WHAT THE TASK ASKS
Starting with the first line below, extract each line through the one that contains "Two Durbal rod", inclusive, excluding pictures.
[[ RECORD EXTRACTS, beginning ]]
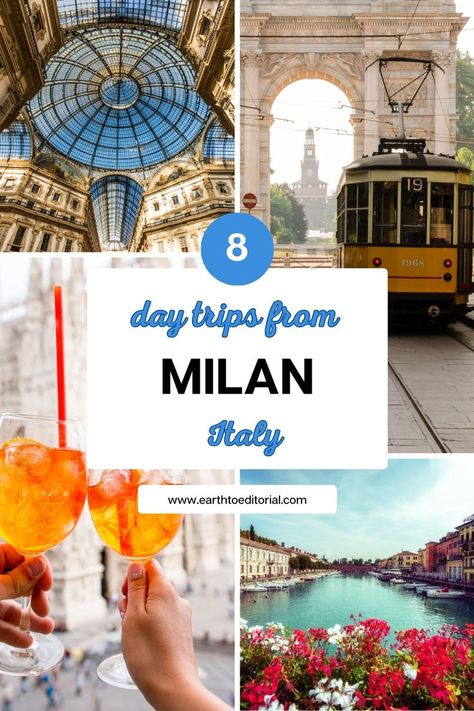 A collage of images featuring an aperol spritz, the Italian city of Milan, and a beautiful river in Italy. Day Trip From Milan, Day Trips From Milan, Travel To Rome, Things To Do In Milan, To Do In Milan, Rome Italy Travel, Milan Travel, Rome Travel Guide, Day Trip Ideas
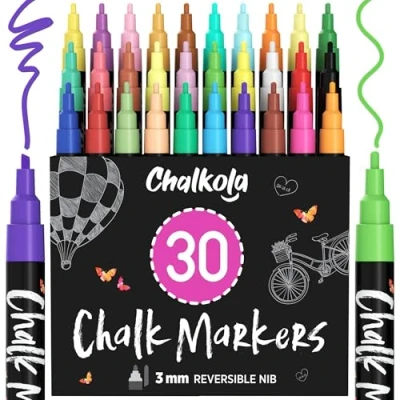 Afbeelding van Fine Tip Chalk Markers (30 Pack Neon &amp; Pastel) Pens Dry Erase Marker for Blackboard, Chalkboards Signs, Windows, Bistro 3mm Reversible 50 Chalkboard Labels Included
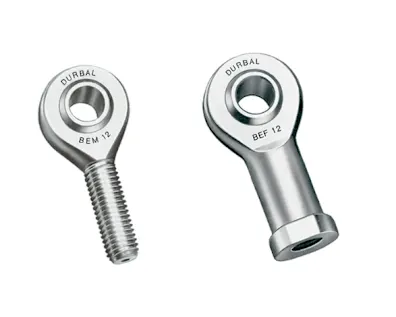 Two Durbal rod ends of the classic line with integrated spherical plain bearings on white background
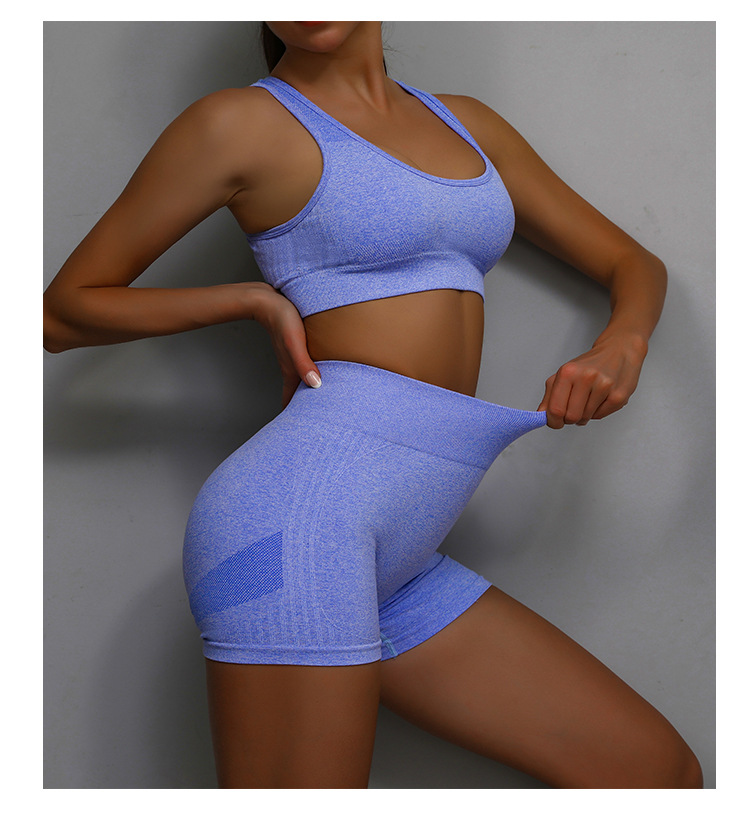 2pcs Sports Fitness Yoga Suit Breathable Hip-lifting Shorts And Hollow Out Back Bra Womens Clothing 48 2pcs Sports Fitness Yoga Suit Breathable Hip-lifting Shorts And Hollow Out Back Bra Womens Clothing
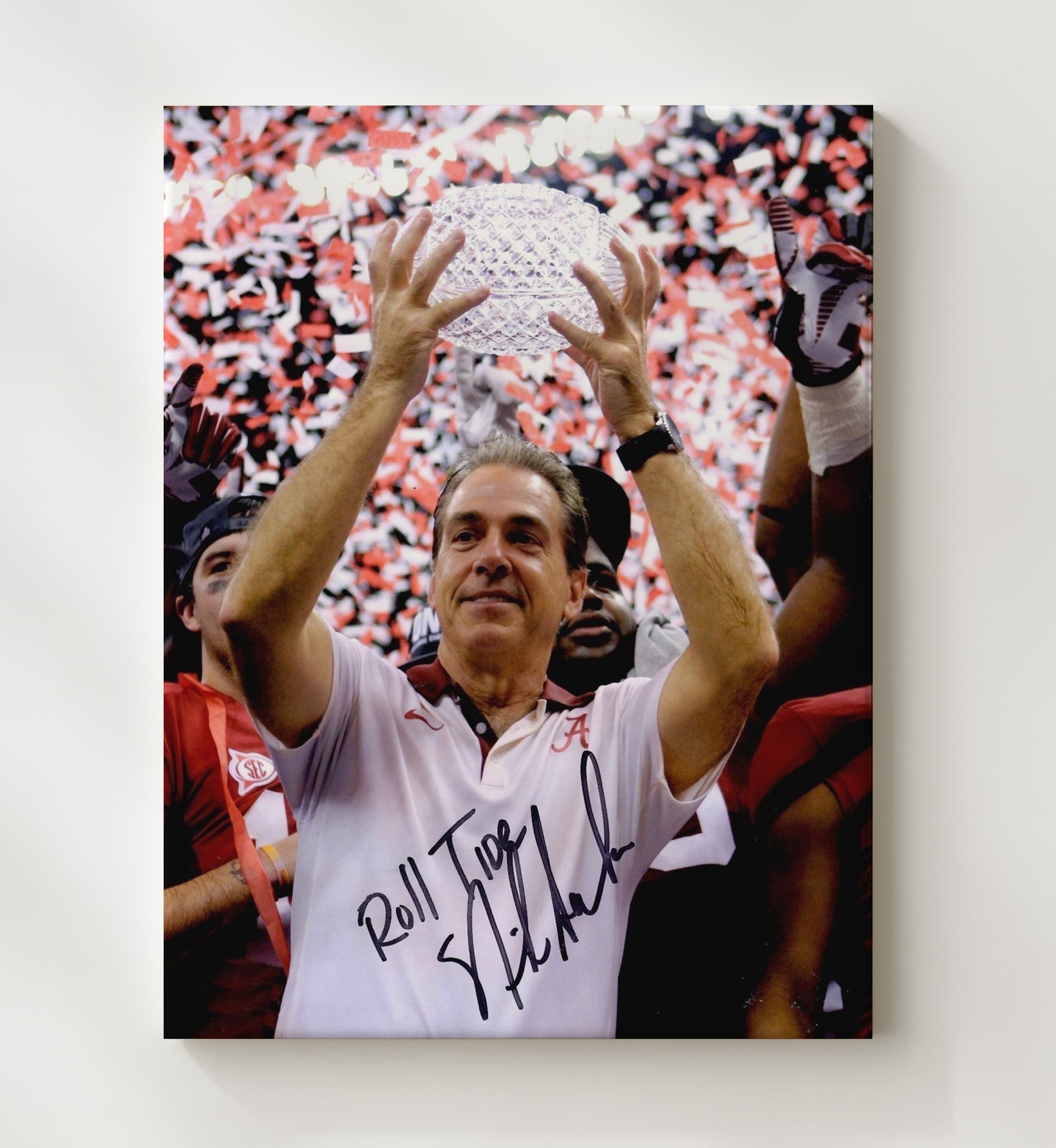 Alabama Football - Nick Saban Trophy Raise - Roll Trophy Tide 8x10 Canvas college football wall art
[[ RECORD EXTRACTS, end ]]
EXPECTED OUTPUT
 A collage of images featuring an aperol spritz, the Italian city of Milan, and a beautiful river in Italy. Day Trip From Milan, Day Trips From Milan, Travel To Rome, Things To Do In Milan, To Do In Milan, Rome Italy Travel, Milan Travel, Rome Travel Guide, Day Trip Ideas
 Afbeelding van Fine Tip Chalk Markers (30 Pack Neon &amp; Pastel) Pens Dry Erase Marker for Blackboard, Chalkboards Signs, Windows, Bistro 3mm Reversible 50 Chalkboard Labels Included
 Two Durbal rod ends of the classic line with integrated spherical plain bearings on white background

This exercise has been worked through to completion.